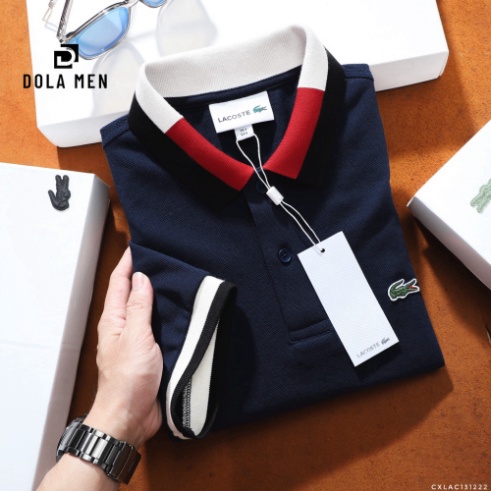 Áo Thun Nam Polo LACOSTE VIỀN ĐỎ Vải Siêu Mịn Hàng Cao Cấp Chính Hãng Dolamen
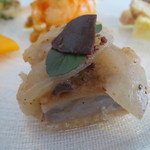 ビオディナミコ - 前菜盛合せ：赤海老のマリネとスペルト小麦、仔牛のカルピオーネ、バターナッツかぼちゃと紅くるり大根、仔羊のミンチとじゃが芋、帆立のソテーとブロッコリーのスファリナータ、蛸と根セロリ、プロシュート3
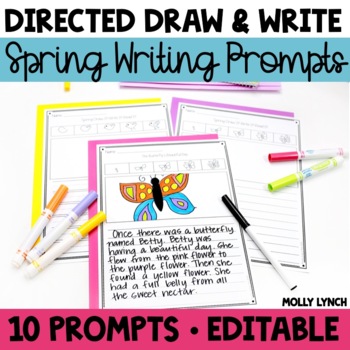 Preview of Spring Directed Drawing Writing Prompts | Spring Draw It! Write It! Read It!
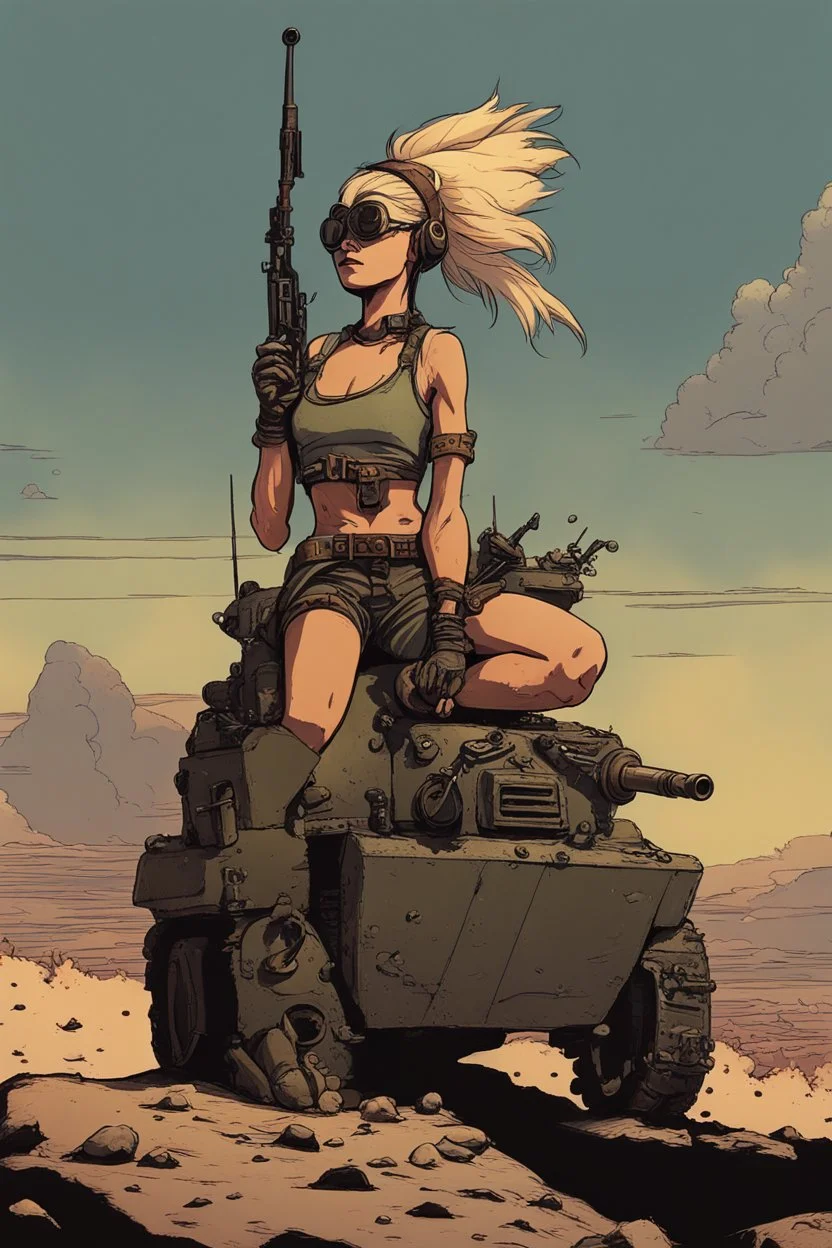 Far away, on the distant horizon where the wastelands met the sky, a small but unmistakable figure came into view. She was perched atop a hulking, makeshift vehicle, a ragtag tank that seemed to defy the very laws of mechanics. Her silhouette, framed by the dying embers of the day, was instantly recognizable. Tank Girl, a symbol of defiance and rebellion in this desolate world, rode the contraption with a wild, untamed spirit. Her hair, a shock of colorful disarray, billowed in the wind as she s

Work instruction:
Pictures must not appear in the copy, which must otherwise match the listing exactly.

Solution:
 Áo Thun Nam Polo LACOSTE VIỀN ĐỎ Vải Siêu Mịn Hàng Cao Cấp Chính Hãng Dolamen
 ビオディナミコ - 前菜盛合せ：赤海老のマリネとスペルト小麦、仔牛のカルピオーネ、バターナッツかぼちゃと紅くるり大根、仔羊のミンチとじゃが芋、帆立のソテーとブロッコリーのスファリナータ、蛸と根セロリ、プロシュート3
 Preview of Spring Directed Drawing Writing Prompts | Spring Draw It! Write It! Read It!
 Far away, on the distant horizon where the wastelands met the sky, a small but unmistakable figure came into view. She was perched atop a hulking, makeshift vehicle, a ragtag tank that seemed to defy the very laws of mechanics. Her silhouette, framed by the dying embers of the day, was instantly recognizable. Tank Girl, a symbol of defiance and rebellion in this desolate world, rode the contraption with a wild, untamed spirit. Her hair, a shock of colorful disarray, billowed in the wind as she s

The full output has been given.